However, in accordance with this embodiment, all I/O requests sent by indexing process 102-N are sent at low priority and added to low priority I/O request queue 108, as indicated by an arrow 114. In this way, the I/O requests from indexing process 102-N will be performed after all of the high priority I/O requests in high priority I/O request queue 106 have been serviced. This feature can advantageously reduce user-experience degradation caused by the indexing processes in some embodiments. Further, in some embodiments, idle-detection logic previously discussed is eliminated, thereby reducing the complexity of the indexing sub-system. Still further, using low priority I/O requests for indexing processes avoids the problems of errors in detecting idle periods and delays in pausing the indexing process that are typically present in idle-detection schemes.

FIG. 2 illustrates an exemplary search/indexing system 200, according to one embodiment. In this embodiment, system 200 includes a full-text search/indexing process (or main process) 202, a full-text indexing sandbox process (or sandbox process) 204, a document datastore 206, and a full-text catalog data (or index) datastore 208. In this embodiment, main process 202 includes a high priority I/O query subsystem (or query subsystem) 210 and a low priority I/O indexing subsystem 212. Sandbox process 204 is used to isolate components that convert documents of different formats into plain text, in this embodiment, and includes a low priority I/O indexing/filtering subsystem (or filtering subsystem) 214.

In this embodiment, query subsystem 210 handles search queries from a user, received via an interface 216. The user can enter one or more key words to be searched for in documents stored in system 200. In some embodiments, responsive to queries received via interface 216, query subsystem 210 processes the queries, and accesses index datastore 208 via high priority I/O requests. For example, query subsystem 210 can search the index for the key word(s) and obtain from the index a list of document(s) that contain the key word(s). In embodiments in which CPU priority can be selected for processes and/or threads, query subsystem 210 can be set for high priority CPU processing. Such a configuration (i.e., setting the I/O and CPU priorities to high priority) can be advantageous because users typically want search results as soon as possible and are willing to dedicate the system resources to the search.

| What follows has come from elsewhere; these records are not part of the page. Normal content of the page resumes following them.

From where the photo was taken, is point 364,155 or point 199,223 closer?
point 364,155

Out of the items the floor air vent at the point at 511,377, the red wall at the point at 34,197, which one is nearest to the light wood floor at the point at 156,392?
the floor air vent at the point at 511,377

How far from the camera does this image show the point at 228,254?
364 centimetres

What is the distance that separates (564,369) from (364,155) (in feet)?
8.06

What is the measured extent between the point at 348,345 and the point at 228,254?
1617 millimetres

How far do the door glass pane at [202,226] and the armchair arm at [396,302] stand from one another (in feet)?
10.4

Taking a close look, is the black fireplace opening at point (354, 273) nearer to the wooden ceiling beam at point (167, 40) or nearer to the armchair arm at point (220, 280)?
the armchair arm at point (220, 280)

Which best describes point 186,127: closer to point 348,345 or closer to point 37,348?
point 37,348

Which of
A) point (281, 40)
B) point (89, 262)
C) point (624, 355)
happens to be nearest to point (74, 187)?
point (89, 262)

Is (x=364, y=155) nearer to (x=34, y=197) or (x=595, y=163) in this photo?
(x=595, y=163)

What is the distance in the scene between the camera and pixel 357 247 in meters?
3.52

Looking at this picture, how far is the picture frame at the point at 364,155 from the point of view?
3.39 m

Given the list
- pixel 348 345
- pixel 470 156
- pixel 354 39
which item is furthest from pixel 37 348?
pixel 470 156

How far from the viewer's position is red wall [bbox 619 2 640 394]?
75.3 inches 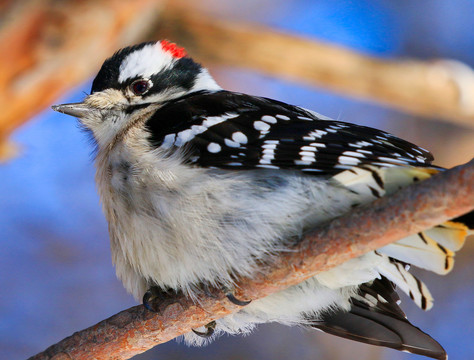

In this embodiment, low priority I/O indexing subsystem 212 builds the index used in full-text searching of documents. For example, low priority I/O indexing subsystem 212 can obtain data (e.g., words and document identifiers of the documents that contain the words) from sandbox process 204, and then appropriately store this data in index datastore 208. Writing data to index datastore 208 is relatively I/O intensive. Building the index (e.g., determining what data is to be stored in index datastore 208, and how it is to be stored in index datastore 208) is relatively CPU intensive. In accordance with this embodiment, low priority I/O indexing subsystem 212 stores the data in index datastore 208 using low priority I/O requests. In embodiments in which CPU priority can be selected for processes and/or threads, low priority I/O indexing subsystem 212 can be set for low priority CPU processing. Such a configuration (i.e., setting the I/O and CPU priorities to low priority) can be advantageous because users typically want fast response to user activities (e.g., user inputs for executing applications, media playing, file downloading, etc.) and are willing to delay the indexing process.

In this embodiment, filtering subsystem 214 retrieves documents from document datastore 206 and processes the documents to extract the data needed by low priority I/O indexing subsystem 212 to build the index. Filtering subsystem 214 reads the content and metadata from each document obtained from document datastore 206 and from the documents extracts words that users can search for in the documents using query subsystem 210. In one embodiment, filtering subsystem 214 includes filter components that can convert a document into plain text, perform a word-breaking process, and place the word data in a pipe so as to be available to low priority I/O indexing subsystem 212 for building the index. In other embodiments, word-breaking is done by low priority I/O indexing subsystem 212.

Although system 200 is illustrated and described with particular modules or components, in other embodiments, one or more functions described for the components or modules may be separated into another component or module, combined into fewer modules or components, or omitted.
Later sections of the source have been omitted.